Jesus himself is made to exhort his followers to despise “mammon”, ie., money, and to “render unto Caesar.” When sought for his sage advice by Roman soldiers, John the Baptist tells them to “be contented with their wages” (Luke 3:14). This injunction against money by the rebellious Jesus and his cohorts served the state and its religion very nicely, since it was they who ended up with the money. Such exhortations by Jesus beg the question as to why an omniscient and compassionate god would advise his followers to give away all their money. Such a god should not behave in this callous manner, but those who were to get the money would. If god was all real and powerful, he therefore has no need for the back breaking labor of human beings to sustain him. So again, god is just a money making scheme!
so, my opinion is that ANY religious denomination that takes “donations” of any kind from parishioners for the benefit of self pious and pompous self righteousness without the benefit to its parishioners IS a money making scheme!

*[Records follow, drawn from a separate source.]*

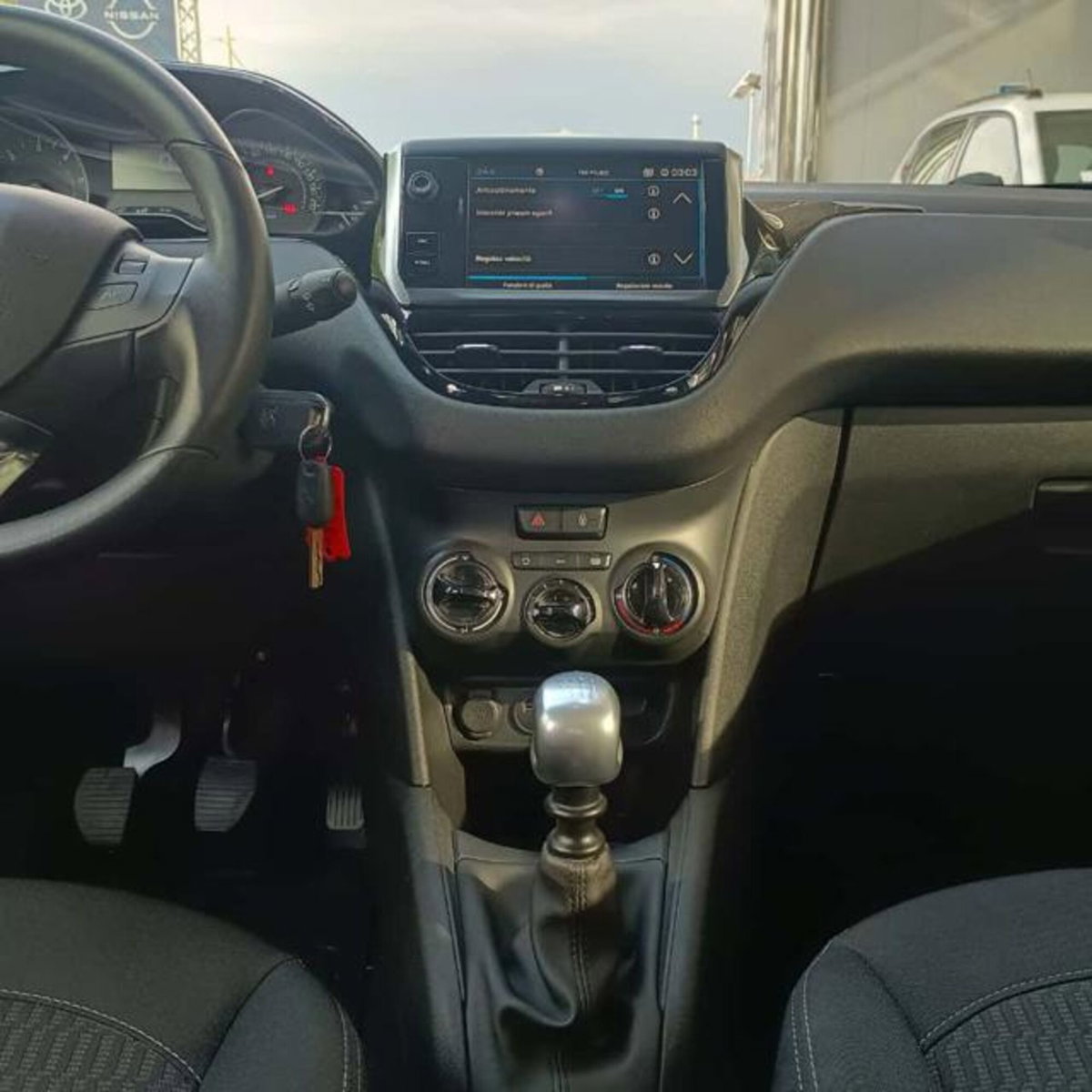 Peugeot 208 BlueHDi 100 Stop&Start 5 porte GT (11)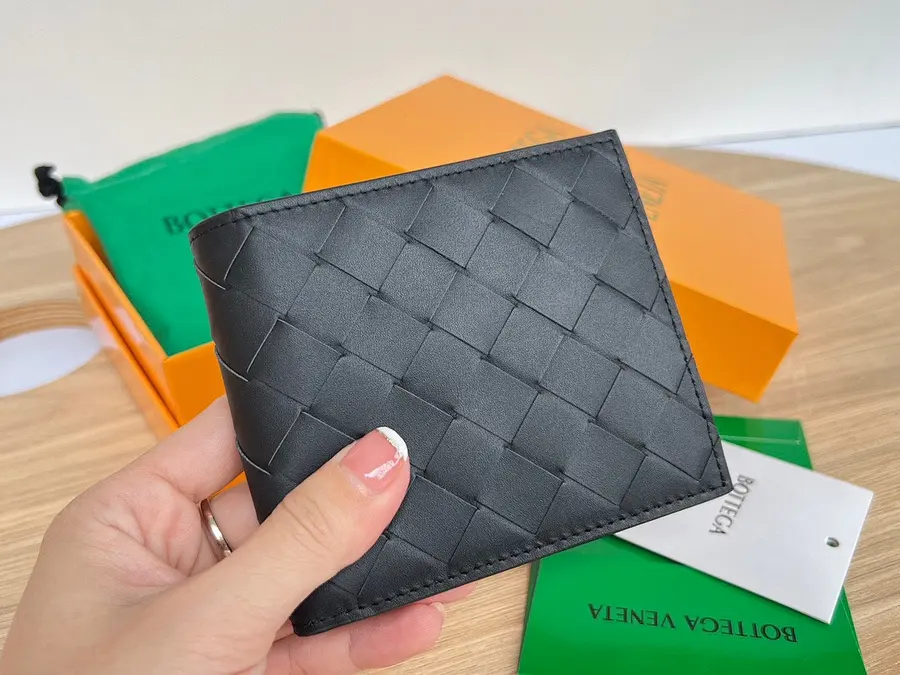 BOTTEGA VENETA ボッテガ・ヴェネタ（BOTTEGA VENETA） 財布 デイリー向け メンズ｜新品 84C57880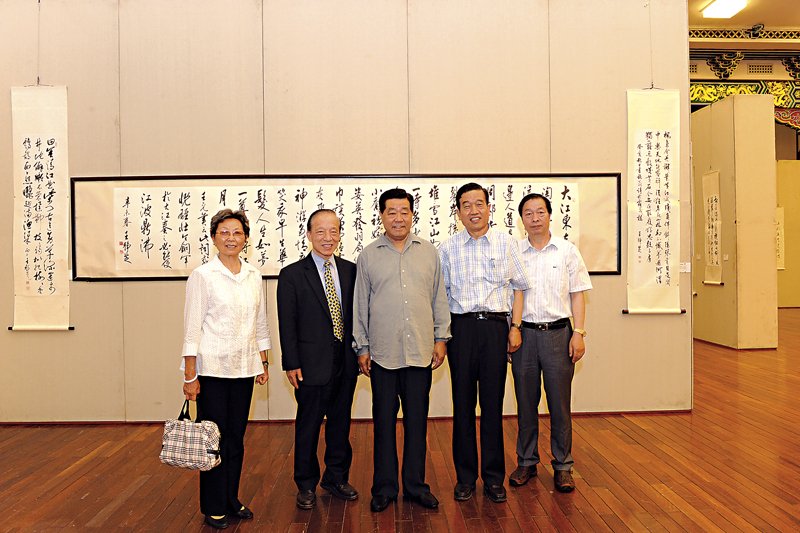 海峽兩岸四老書畫展在北京盛大舉辦。左起陳其銓遺孀張月華、明道大學國學研究所教授陳維德、前全國政協主席賈慶林、中國書法家協會副主席蘇士澍、啟功姪子章景懷。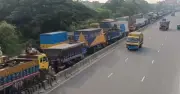 গজারিয়ায় ১৩ কিমি যানজট, দুর্ঘটনায় ভোগান্তি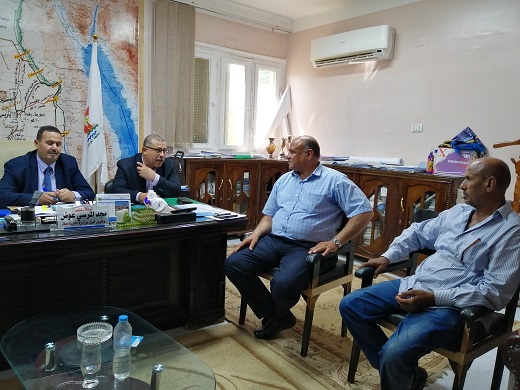 بالصور ...الزراعة تتابع منظومة الأسمدة وكارت الفلاح ومشروع حياة كريمة بمحافظة الوادي الجديد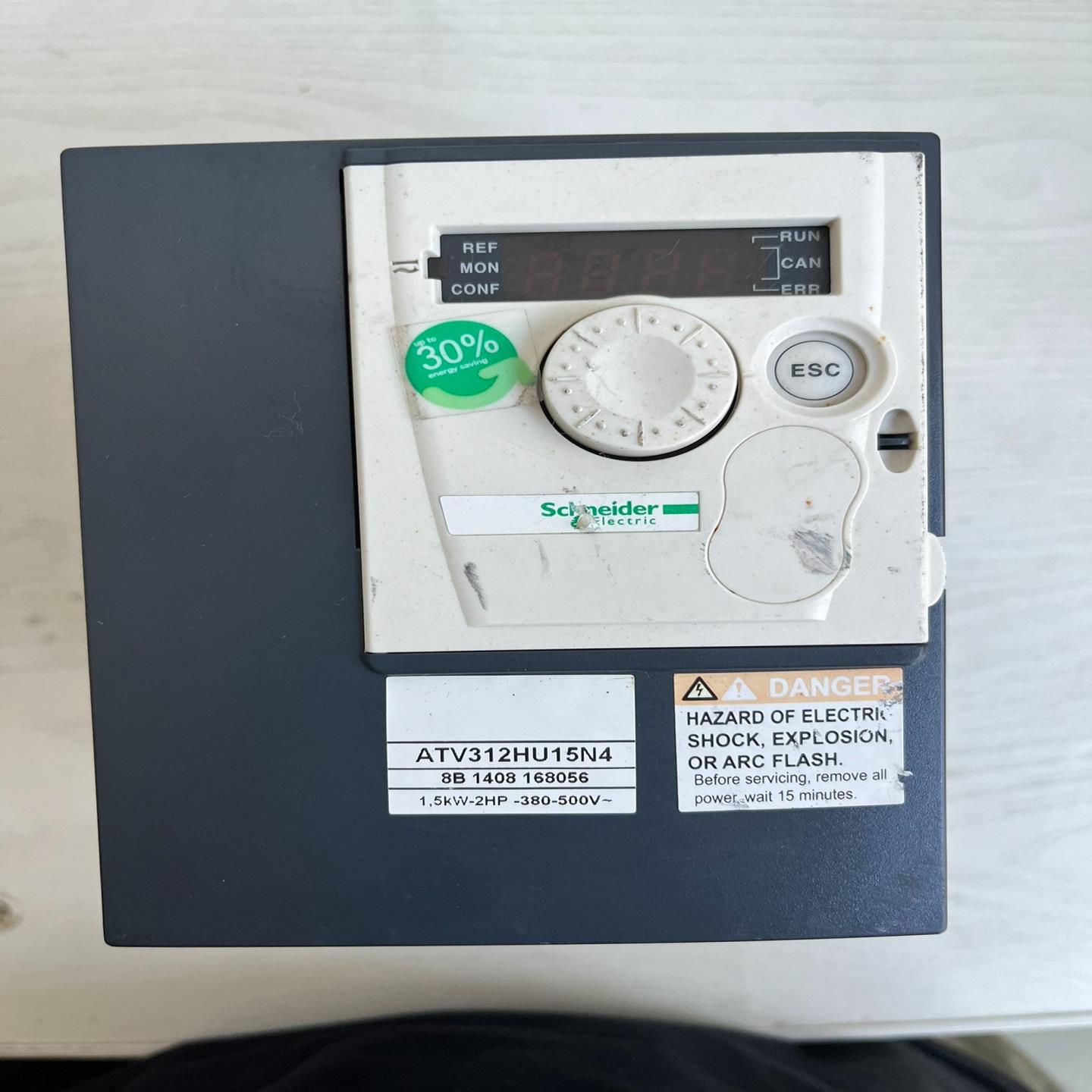 询价~1.5千瓦变频器型号AVT312HU15N4，三相38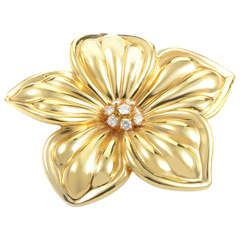Van Cleef 
Arpels Diamond Yellow Gold Flower Brooch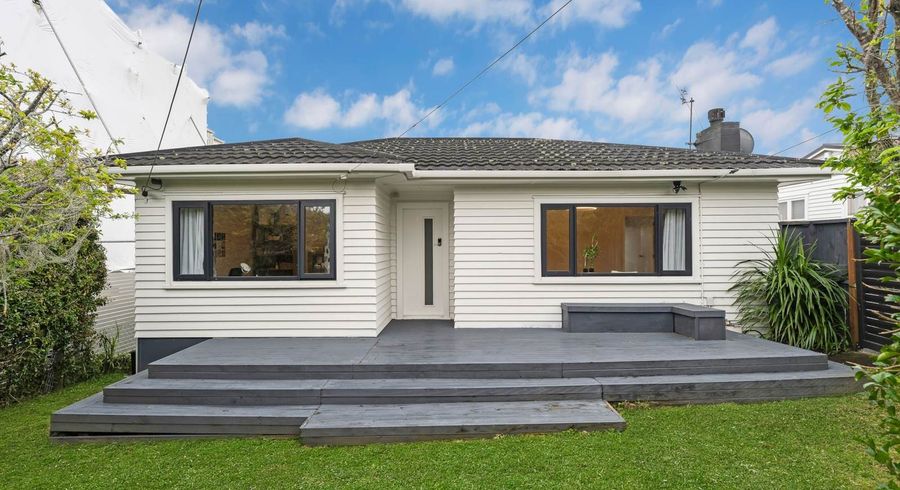  at 190 Forrest Hill Road, Forrest Hill, Auckland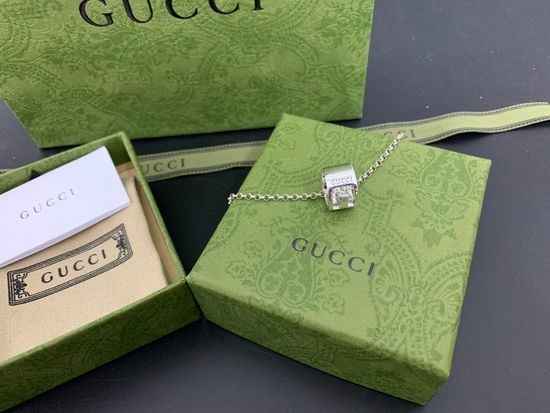 Gucci Hollow Square Pendant Necklace Jewelry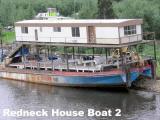 redneck-house-boat-9529.jpg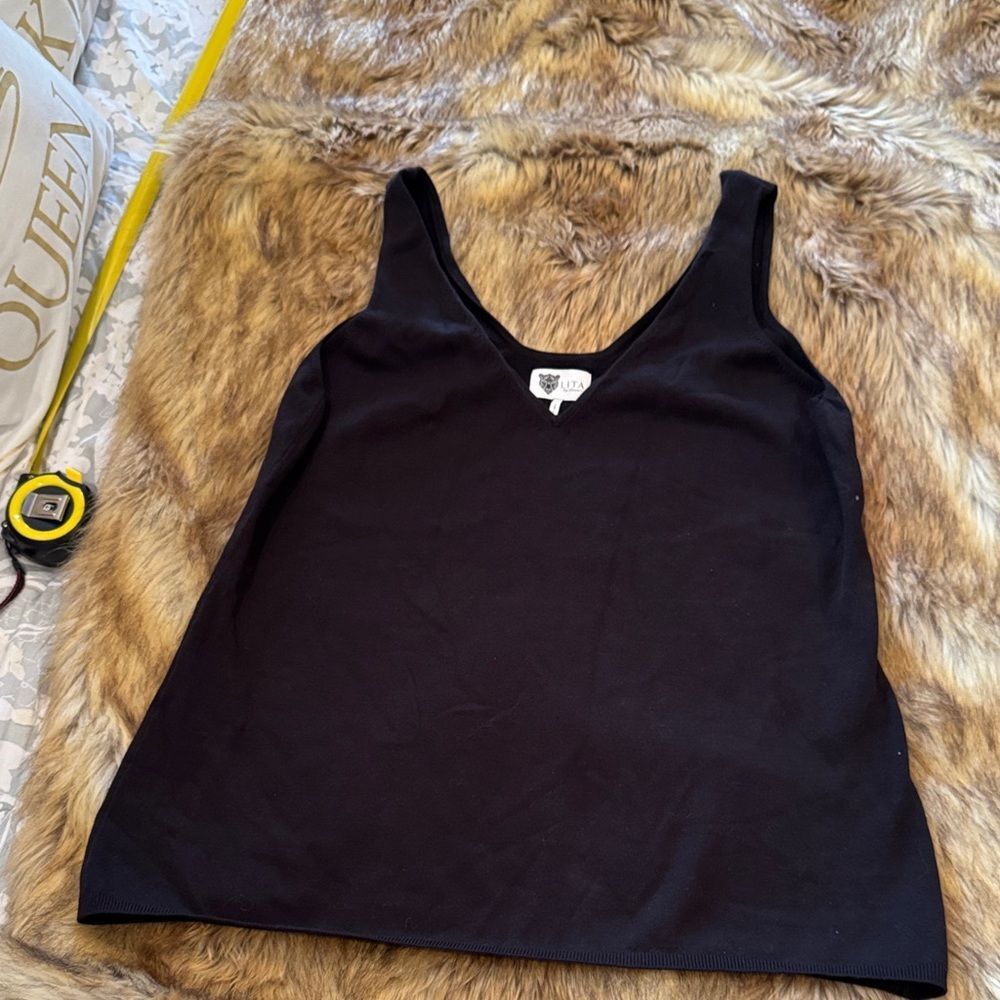 NWOT Lita by Ciara Black V-Neck Sweater Tank Vest Top Posh Show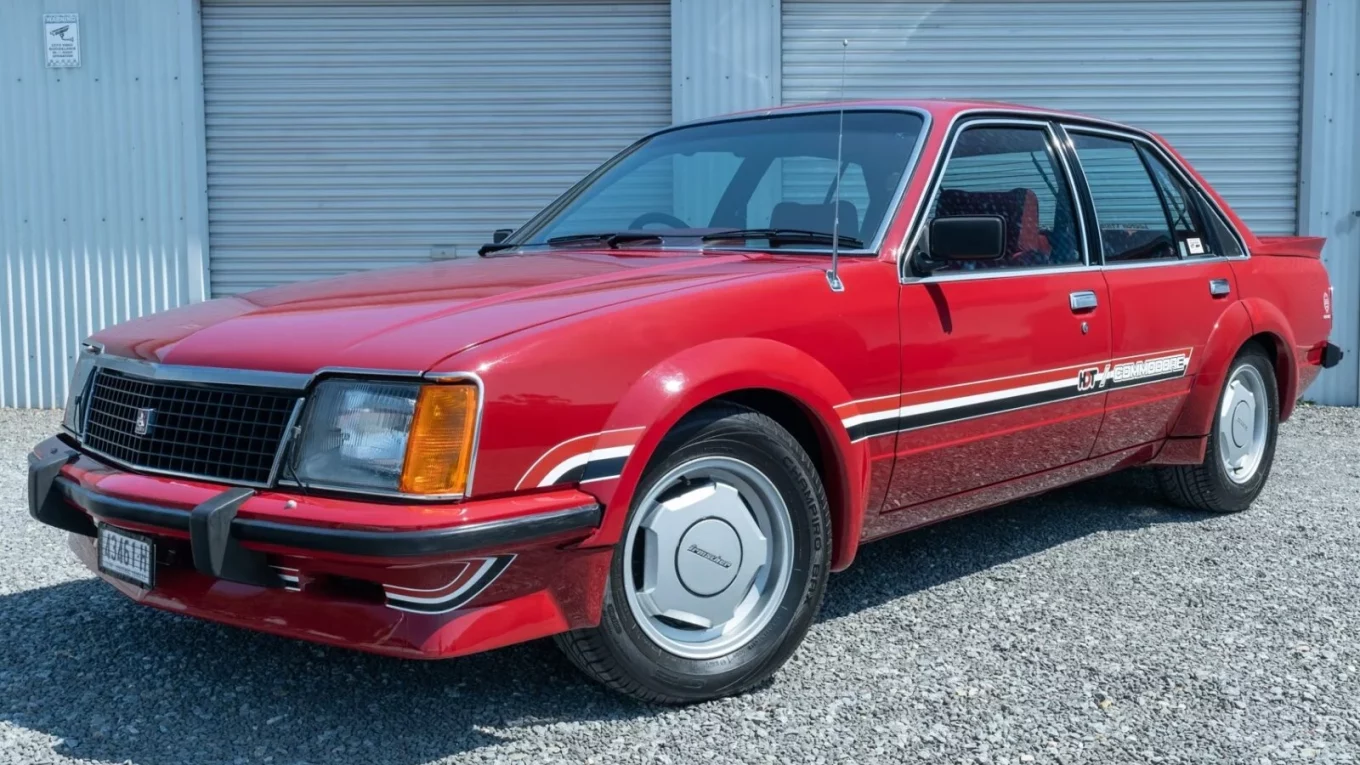 Holden Commodore VC HDT Brock Tahun 1980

I am not sure how to look this up in an official catholic rulebook of some kind, but Catholic Answers is IIUC a very mainstream and well accepted catholic apologetics site, and it is very clear that catholic dogma cannot change

http://www.catholic.com/quickquestions/can-the-church-change-its-doctrines

Once it’s dogma, it’s supposed to be absolute and eternally certain. That this isn’t actually the case does not change the fact that they nevertheless make this claim.

While this was an understandable misunderstanding of BrainGlutton’s first post, I think subsequent posts have made it clear BrainGlutton didn’t really mean this.

BrainGlutton does not posit your premise number one, AFAICT. He doesn’t think that if entities contradict one another then all but one must be fraudulent.

What he does think (I think) is that if several entities make contradicting claims, and there’s no way to check even in theory to see who is right, then while one may turn out to be lucky, nevertheless there’s no good reason to believe any of the others (at least–there’s really no reason to believe the “right” one either). “Fraudulent in the sense of false” was meant to signify, I think, “false and should not believed” (while that lucky “right” one would still be fraudulent–‘true and should not be believed!’).

You’re talking about formal power codified in rules. There are many more kinds of power than that. My mother-in-law lives in a town where there are three churches. She belongs to the Methodist one. If her church community asked her to do something she considered, say, immoral, she certainly has the formal power to leave. But the social power exerted by her church community and the network of social powers exerted by the churches in her town would put strong pressure on her to stay and perform the action. Not doing it and leaving instead would entail becoming an outcast by not belonging to any church, or going through the arduous and frightening process of joining an entirely new church community, becoming estranged from the friends she’s had for forty years now, and making new friendships (if this is even possible) with people who are for most intents and purposes strangers to her and in some cases (due to church allegience) somewhere down the way along the “rival” spectrum.

None of this is codified. No church leader would say any of this when speaking as a representative of their respective churches. But it’s all actual fact, whether it’s written down anywhere or not.

Lots and lots of secretly atheist clergy (from all over the spectrum!) here: http://www.clergyproject.org/

Y’all should realize that 1demonmaster revived a five year old thread.

Clearly I had a lot of catching up to do!